Figure 1: Campus Fabric IP Clos A diagram of a server Description automatically generated

An IP Clos network encompasses the distribution, core, and access layers of your topology.

An EVPN-VXLAN fabric solves the problems of previous architectures and provides the following benefits:

  • Reduced flooding and learning—Control plane-based L2 and L3 learning reduces the flood and learn issues associated with data plane learning. Learning MAC addresses in the forwarding plane has an adverse impact on network performance as the number of endpoints grows. This is because more management traffic consumes the bandwidth which leaves less bandwidth available for production traffic. The EVPN control plane handles the exchange and learning of MAC addresses through eBGP routing, rather than an L2 forwarding plane.
  • Scalability—More efficient control-plane based L2 and L3 learning. For example, in a Campus Fabric IP Clos, core switches only learn the access layer switches addresses instead of the device endpoint addresses.

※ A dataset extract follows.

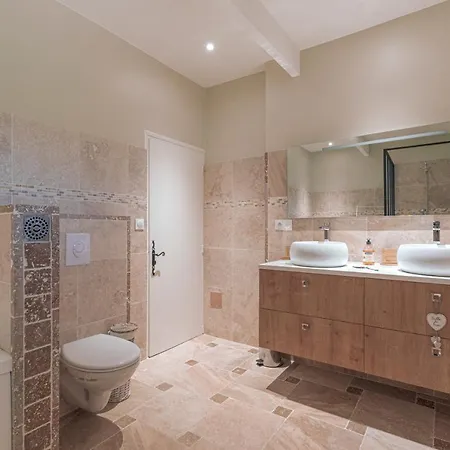 Holiday home Mas De L'olivier - Enclave Des Papes - - 8 Couchages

  • Consistency—A universal EVPN-VXLAN-based architecture across disparate campus and data center deployments enables a seamless end-to-end network for endpoints and applications.

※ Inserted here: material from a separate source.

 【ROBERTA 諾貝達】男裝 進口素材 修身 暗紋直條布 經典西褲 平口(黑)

  • Group-based policies—With group-based policy (GBP), you can enable microsegmentation with EVPN-VXLAN to provide traffic isolation within and between broadcast domains as well as simplify security policies across a campus fabric.
  • Location-agnostic connectivity—The EVPN-VXLAN campus architecture provides a consistent endpoint experience no matter where the endpoint is located. Some endpoints require L2 reachability, such as legacy building security systems or IoT devices. VXLAN overlay provides L2 extension across campuses without any changes to the underlay network. Juniper uses optimal BGP timers between the adjacent layers of the campus fabric with Bidirectional Forwarding Detection (BFD) that supports fast convergence in event of a node or link failure and equal-cost multipath (ECMP). For more information, see Configuring Per-Packet Load Balancing.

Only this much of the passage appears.